This thesis introduces a novel framework for execution of a broad class of iterative machine learning algorithms on massive and dense (non-sparse) datasets. Several classes of critical and fast-growing data, including image and video content, contain dense dependencies. Current pursuits are overwhelmed by the excessive computation, memory access, and inter-processor communication overhead incurred by processing dense data. On the one hand, solutions that employ data-aware processing techniques produce transformations that are oblivious to the overhead created on the underlying computing platform. On the other hand, solutions that leverage platform-aware approaches do not exploit the non-apparent data geometry.
My work is the first to develop a comprehensive data- and platform-aware solution that provably optimizes the cost (in terms of runtime, energy, power, and memory usage) of iterative learning analysis on dense data.
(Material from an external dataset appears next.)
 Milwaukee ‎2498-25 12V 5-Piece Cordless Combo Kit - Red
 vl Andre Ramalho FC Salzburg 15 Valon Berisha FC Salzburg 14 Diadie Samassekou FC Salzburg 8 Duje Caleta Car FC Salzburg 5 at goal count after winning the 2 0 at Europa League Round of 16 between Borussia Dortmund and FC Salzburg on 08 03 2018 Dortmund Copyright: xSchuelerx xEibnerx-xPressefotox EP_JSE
My solution is founded on a novel tunable data transformation methodology that can be customized with respect to the
underlying computing resources and constraints.
My key contributions include: (i) introducing a scalable and parametric data transformation methodology that leverages coarse-grained parallelism in the data to create versatile and tunable data representations, (ii) developing automated methods for quantifying platform-specific computing costs in distributed settings, (iii) devising optimally-bounded partitioning and distributed flow scheduling techniques
for running iterative updates on dense correlation matrices, (iv) devising methods that enable transforming and learning on streaming dense data, and (v) providing user-friendly open-source APIs that facilitate adoption of my solution on multiple platforms including (multi-core and many-core) CPUs and FPGAs.
Several learning algorithms such as regularized regression, cone optimization, and power iteration can be readily solved using my APIs. My solutions are evaluated on a number of learning applications including image classification, super-resolution, and
denoising. I perform experiments on various real-world datasets with up to 5 billion non-zeros on a range of computing platforms including Intel i7 CPUs, Amazon EC2, IBM iDataPlex, and Xilinx Virtex-6 FPGAs. I demonstrate that my framework can
achieve up to 2 orders of magnitude performance improvement in comparison with current state-of-the-art solutions.